CSV and object transformer

输入和输出对象或数组

This project provides a simple object transformation framework implementing the Node.js stream.Transform API. It was originally developed as a part of the Node.js CSV package (npm install csv) and can be used independently.

Source code for this project is available on GitHub.

  • Simple callback based API
  • Node.js stream.Transform API, pipe through it
  • synchronous versus asynchronous user callbacks
  • Accept object, array or JSON as input and output
  • Sequential or user-defined concurrent execution
  • Skip and create new records

Alter or clone input data

使用

Run npm install csv to install the full CSV module or run npm install stream-transform if you are only interested by this package.

Use the callback style API for simplicity or the stream based API for scalability or mix the 2 APIs.

回调

transform(handler, [options])

transform(data, [options], handler, [options], [callback])

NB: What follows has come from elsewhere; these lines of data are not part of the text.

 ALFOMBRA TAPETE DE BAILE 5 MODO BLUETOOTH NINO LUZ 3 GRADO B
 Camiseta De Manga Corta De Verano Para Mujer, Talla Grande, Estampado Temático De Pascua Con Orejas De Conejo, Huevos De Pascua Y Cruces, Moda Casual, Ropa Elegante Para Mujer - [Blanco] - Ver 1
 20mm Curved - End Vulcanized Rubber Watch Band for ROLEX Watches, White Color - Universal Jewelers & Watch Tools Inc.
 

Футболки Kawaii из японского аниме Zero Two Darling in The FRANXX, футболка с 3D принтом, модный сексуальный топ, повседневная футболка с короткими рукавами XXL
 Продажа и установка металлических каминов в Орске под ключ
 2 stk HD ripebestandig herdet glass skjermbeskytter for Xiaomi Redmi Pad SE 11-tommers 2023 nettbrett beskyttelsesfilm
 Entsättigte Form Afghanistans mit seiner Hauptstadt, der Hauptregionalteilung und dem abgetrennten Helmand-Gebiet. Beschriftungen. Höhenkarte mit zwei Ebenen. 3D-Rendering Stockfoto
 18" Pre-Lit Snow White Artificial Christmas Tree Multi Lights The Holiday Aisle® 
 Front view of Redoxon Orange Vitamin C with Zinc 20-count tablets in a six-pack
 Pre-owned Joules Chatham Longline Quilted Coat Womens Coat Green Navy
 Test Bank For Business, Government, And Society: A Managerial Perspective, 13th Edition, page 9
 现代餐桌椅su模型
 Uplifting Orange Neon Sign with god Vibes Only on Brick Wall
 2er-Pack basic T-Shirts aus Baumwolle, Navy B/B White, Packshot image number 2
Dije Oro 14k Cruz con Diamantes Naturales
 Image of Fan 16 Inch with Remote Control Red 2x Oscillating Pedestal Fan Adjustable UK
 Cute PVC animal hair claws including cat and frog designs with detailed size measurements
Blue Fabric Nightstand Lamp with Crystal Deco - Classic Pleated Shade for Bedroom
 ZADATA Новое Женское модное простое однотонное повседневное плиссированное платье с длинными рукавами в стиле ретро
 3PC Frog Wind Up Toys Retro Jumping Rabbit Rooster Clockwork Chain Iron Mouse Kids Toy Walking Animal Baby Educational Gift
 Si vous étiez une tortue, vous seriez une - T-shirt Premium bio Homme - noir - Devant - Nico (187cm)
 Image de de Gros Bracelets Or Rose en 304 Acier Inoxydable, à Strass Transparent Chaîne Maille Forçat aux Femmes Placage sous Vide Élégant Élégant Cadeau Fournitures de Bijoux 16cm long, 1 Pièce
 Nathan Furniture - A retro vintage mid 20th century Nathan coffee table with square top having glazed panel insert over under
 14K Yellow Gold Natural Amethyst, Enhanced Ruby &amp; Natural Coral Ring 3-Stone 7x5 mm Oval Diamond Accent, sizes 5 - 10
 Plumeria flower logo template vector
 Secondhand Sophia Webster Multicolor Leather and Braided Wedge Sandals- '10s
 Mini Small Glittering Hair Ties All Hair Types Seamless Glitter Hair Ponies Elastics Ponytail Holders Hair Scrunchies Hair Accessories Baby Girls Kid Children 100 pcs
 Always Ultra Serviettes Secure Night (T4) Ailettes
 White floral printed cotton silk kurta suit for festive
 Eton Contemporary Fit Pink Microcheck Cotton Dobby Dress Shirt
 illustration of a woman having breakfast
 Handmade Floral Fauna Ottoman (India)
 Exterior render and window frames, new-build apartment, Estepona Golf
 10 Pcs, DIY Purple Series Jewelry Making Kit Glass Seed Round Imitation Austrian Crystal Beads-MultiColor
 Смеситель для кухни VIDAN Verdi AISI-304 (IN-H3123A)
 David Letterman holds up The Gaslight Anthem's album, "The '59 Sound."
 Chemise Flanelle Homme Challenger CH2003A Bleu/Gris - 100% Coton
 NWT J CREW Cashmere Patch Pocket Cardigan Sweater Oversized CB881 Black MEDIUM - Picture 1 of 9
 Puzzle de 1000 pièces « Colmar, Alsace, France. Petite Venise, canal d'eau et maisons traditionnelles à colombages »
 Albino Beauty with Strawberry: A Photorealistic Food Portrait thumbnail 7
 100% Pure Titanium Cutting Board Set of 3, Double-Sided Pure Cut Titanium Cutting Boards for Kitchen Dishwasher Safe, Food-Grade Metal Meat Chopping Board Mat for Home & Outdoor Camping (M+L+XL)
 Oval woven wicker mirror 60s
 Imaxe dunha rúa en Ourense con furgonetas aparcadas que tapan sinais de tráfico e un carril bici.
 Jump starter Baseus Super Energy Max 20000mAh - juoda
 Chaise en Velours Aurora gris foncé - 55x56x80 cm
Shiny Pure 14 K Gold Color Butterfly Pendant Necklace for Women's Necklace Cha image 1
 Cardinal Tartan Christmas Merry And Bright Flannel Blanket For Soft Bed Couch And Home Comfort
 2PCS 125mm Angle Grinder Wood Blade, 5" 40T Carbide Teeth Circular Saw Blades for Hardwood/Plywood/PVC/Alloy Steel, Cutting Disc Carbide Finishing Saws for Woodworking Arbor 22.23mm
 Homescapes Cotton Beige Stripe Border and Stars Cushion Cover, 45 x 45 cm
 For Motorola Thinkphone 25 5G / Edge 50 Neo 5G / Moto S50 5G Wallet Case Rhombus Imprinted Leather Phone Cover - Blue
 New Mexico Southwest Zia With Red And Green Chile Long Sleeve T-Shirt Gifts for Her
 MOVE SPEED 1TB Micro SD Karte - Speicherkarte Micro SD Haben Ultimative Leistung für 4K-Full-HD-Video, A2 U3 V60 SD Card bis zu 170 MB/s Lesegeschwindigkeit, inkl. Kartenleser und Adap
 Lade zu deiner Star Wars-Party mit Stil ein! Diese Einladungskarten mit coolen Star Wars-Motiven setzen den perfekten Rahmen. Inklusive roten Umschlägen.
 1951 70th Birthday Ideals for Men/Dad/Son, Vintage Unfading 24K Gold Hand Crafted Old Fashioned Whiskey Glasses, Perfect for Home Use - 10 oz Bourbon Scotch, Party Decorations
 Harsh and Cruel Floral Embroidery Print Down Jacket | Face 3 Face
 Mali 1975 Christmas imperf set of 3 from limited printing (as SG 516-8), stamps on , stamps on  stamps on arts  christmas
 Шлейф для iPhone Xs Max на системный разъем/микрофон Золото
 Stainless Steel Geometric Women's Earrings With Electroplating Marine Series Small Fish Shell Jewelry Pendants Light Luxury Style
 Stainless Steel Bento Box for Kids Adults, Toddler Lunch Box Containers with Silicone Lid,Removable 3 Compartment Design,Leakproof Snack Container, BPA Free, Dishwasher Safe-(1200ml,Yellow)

For additionnal usage and example, you may refer to example page, the "samples" folder and the "test" folder.

选项和属性

Options include:

  • parallel (number) The number of transformation callbacks to run in parallel, default to "100".
  • consume (boolean) In the absence of a consumer, like a stream.Readable, trigger the consumption of the stream.

Available properties:

  • transform.running The number of transformation callback being run at a given time.
  • transform.started The number of transformation callback which have been initiated.
  • transform.running The number of transformation callback which have been executed.

同步与异步执行

The mode is defined by the signature of transformation function. It is expected to run synchronously when it declares only one argument, the data to transform. It is expected to run asynchronously when it declares two arguments, the data to transform and the callback to be called once the transformed data is ready.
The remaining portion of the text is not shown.